The 19-story hotel has over 700 guest rooms, many filled with permanent residents. The hotel has a checkered past, with many tragedies within its walls. Negativity emanates from the bricks that construct the hotel, which has borne witness to over 80 deaths, murders, overdoses, and suicides, and even housed The Night Stalker serial killer after he, Richard Ramirez, decided that the Cecil was a proper nest to retire to after his murders.

 

Death at the Cecil Hotel

 

Built in 1924 by three famous hoteliers, William Banks Hanner, Charles Dix, and Robert Schops, the Cecil was a destination for business travelers and tourists. Within five years of its opening, the United States started to sink into the depths of the Great Depression. The once fashionable and flourishing Cecil started declining as the nearby Skid Row area became fuller and fuller with transients; 10,000 or so homeless people lived within a four-mile radius of the Cecil Hotel. The hotel has been passed around a few times and is set to open back up for guests in October 2021.

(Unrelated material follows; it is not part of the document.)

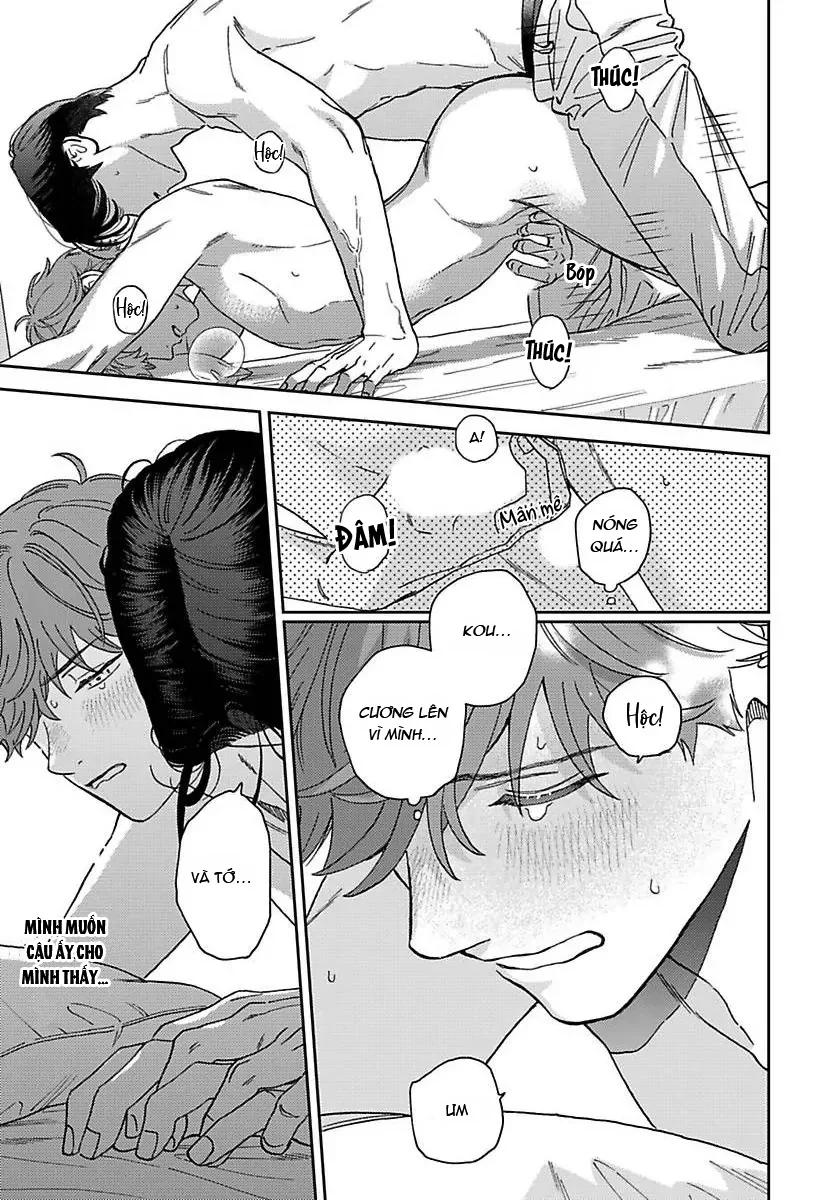 Có Thể Hôn Tớ Trước Không? Chapter 6 Trang 32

The first-ever (documented) suicide occurred at the Cecil on the evening of January 22nd, 1927, when Percy Ormond Cook shot himself in the head while inside his room after a failure to reconcile his marriage. Reports state that he was rushed to The Receiving Hospital and died soon after due to his wound.

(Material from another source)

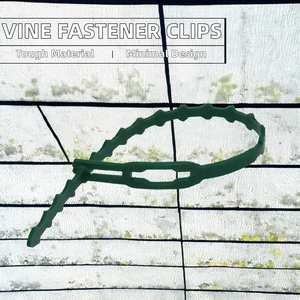 Attaches de greffage pour plantes de jardin, clips de fixation pour légumes de serre, boucles de maintien pour vignes, fournitures de jardin essentielles - Product Image 2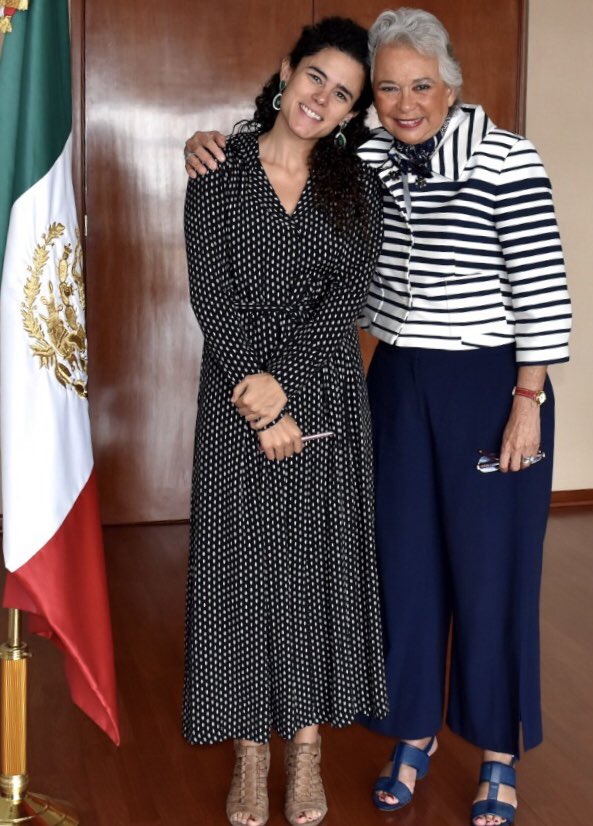 Olga Sanchez Cordero No Twitter Querida Luisaalcalde Recibe Un Carinoso Abrazo Con Motivo De Tu Cumpleanos Mis Mejores Deseos Felicidades Secretaria Https T Co Wlm8gegx84 [ 826 x 593 Pixel ]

In addition to suicides, the Cecil Hotel’s history also includes other extraordinarily violent and disturbing happenings. Shortly after its opening, it became a popular rendezvous spot for adulterous couples, sex workers, and drug activity.

In 2015, researcher Hadley Meares claimed that in 1947, Elizabeth Short, or ‘The Black Dahlia,’ was seen drinking at the Cecil Hotel’s bar in the days before her notorious and unsolved murder. Although there were no solid records that the Black Dahlia spent any time at the Cecil, other guests claim to have seen her there, and the negativity of the hotel itself surely drew her and her murderer near.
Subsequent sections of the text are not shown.